A former National Guard Armory is where relics of history are resurrected on the edge of Ida Grove. Wood workers are trimming, routing and varnishing rafters and decorative trim for an old fashioned trolley car, the kind of transportation that used to be common. Grant Godbersen is Vice President of Gomaco Trolley Company.
“(We) Truly have been a country that hasn’t had these trolleys that run in service for well over 60 years. The buses generally started taking over more and more of the routes in the cities and the trolleys were phased out.”
Gomaco is short for Godberson Manufacturing Company, an international giant best known for building other things; from bridges to paving equipment. One of the family patriarchs was obsessed with restoring cars; one thing led to another, and they won their first bid to refurbish trolley cars in 1982. The startup business has been on-track ever since.
They’ve built about 40 trolleys, including this one in Mount Pleasant that has carried many thousands of Iowans during the Old Threshers Reunion. John Kallin is sales manager.
“Restoring a trolley car is very labor intensive because you dismantle the car, you take all the old stuff off and then at some point you finally get to the point of putting it all back together.”
Depending on the project design, a trolley can cost anywhere from a half-million dollars to nearly two million.
“But if you are building a new car most of the labor is in the wood, as you’re making each piece to fit, they’re all hand made.”

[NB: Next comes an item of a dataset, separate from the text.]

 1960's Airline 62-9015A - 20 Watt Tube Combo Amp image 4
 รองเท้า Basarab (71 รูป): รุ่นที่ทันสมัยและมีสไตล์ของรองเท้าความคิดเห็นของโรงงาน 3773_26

Contemporary trolleys have the advantage of current innovation and technology, like Gomaco’s version of a Prius trolley; a renovated car from Australia that runs on battery or electric power. Their latest replica will be shipped to Taiwan; the company’s first overseas export. It will move Chinese passengers between an amusement park and a shopping mall.
“That car is 100 percent battery. They ordered their car with extra batteries to get longer run time. They’re hoping to start in the morning and run for 12 hours before they need to re-charge again.”

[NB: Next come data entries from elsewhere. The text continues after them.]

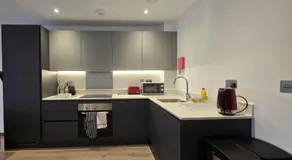 Roomspace Serviced Apartments - Harvest Lane - Image 4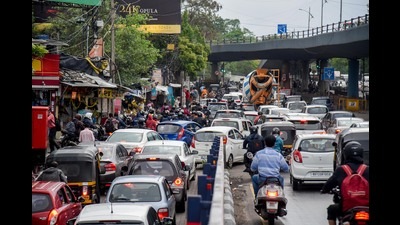 Pune ring road project will split the city and the highway traffic, and help in the considerable reduction of vehicular pollution. (HT FILE PHOTO)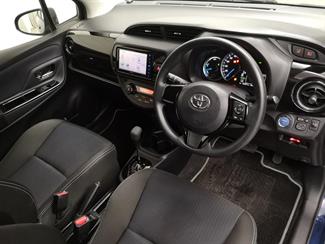 2018 Toyota Vitz - Thumbnail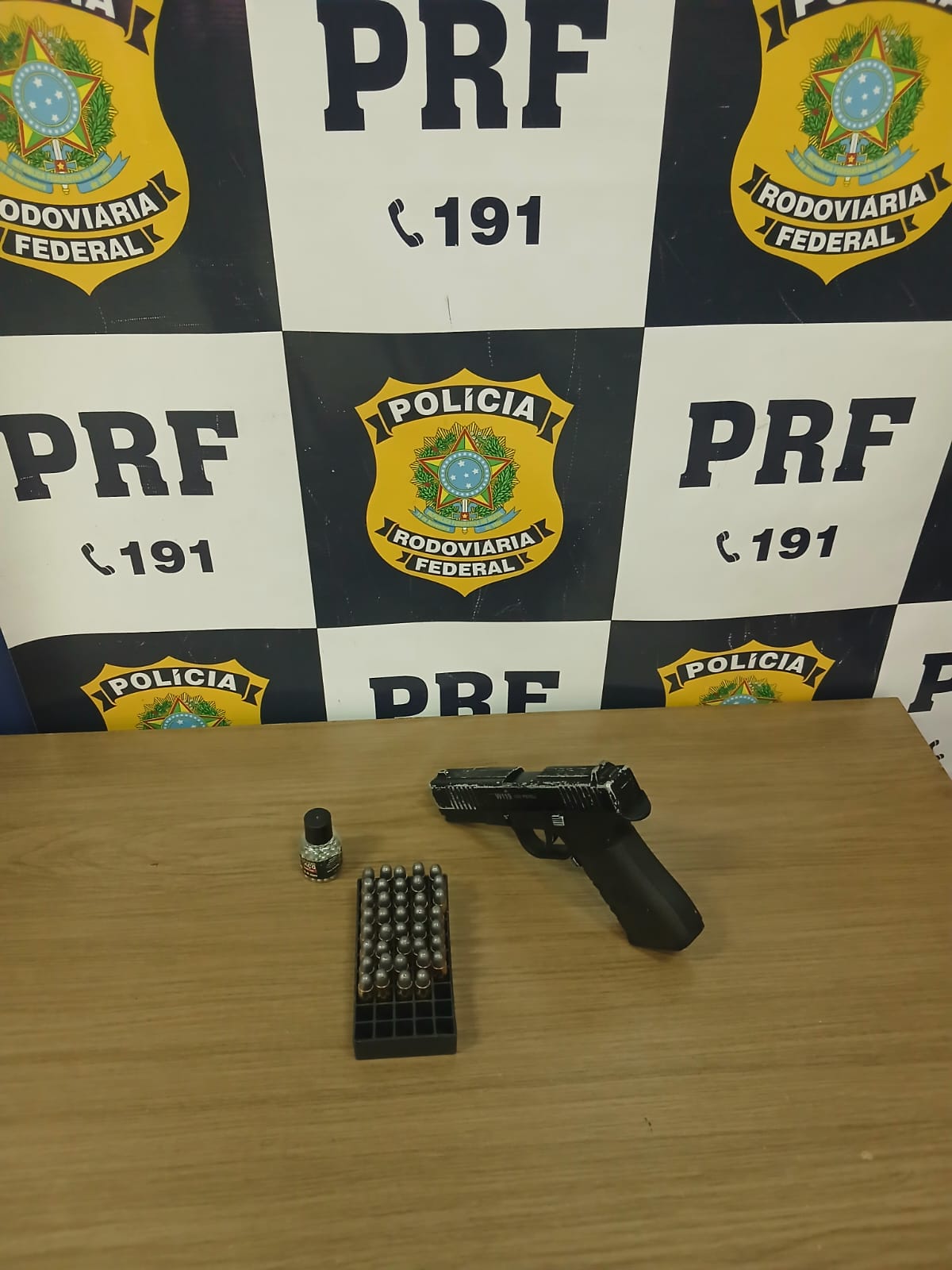 PRF apreende munição e prende motorista durante fiscalização na BR-285, em São Borja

The company’s staff of 13 even makes the brass components in the onsite foundry.
“Right now the temperature gets up to about 1,800 to 1,950.”

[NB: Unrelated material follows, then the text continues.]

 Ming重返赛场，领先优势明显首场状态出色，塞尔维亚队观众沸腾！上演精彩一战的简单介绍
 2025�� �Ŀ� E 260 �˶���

Carl Shable casts the shiny overhead grab-rails, the whistle and conductor’s bell.
Gomaco does not compete in mass transit, or manufacture buses that look like trolleys. Nothing on rubber tires, according to Grant Godberson, just vintage style cars that ride the rails. And a number of cities are bringing them back to revitalize their down towns.
“One of the big problems the Iowa cities are going to have is it requires so much federal funding to do these projects, the infrastructure work, the laying of tracks the moving of utility lines and a lot of these projects get into the hundred to 200 million dollar range there.”
Gomaco is also rehabilitating a vintage rail car for a tourist train in the Black Hills, which started out as a pile of rotting boards and rusted parts. Only a few companies specialize in this business, which survives in part on nostalgia, a half century after most trolley car tracks were ripped out and forgotten. In Ida Grove, I’m Rick Fredericksen, Iowa Public Radio News.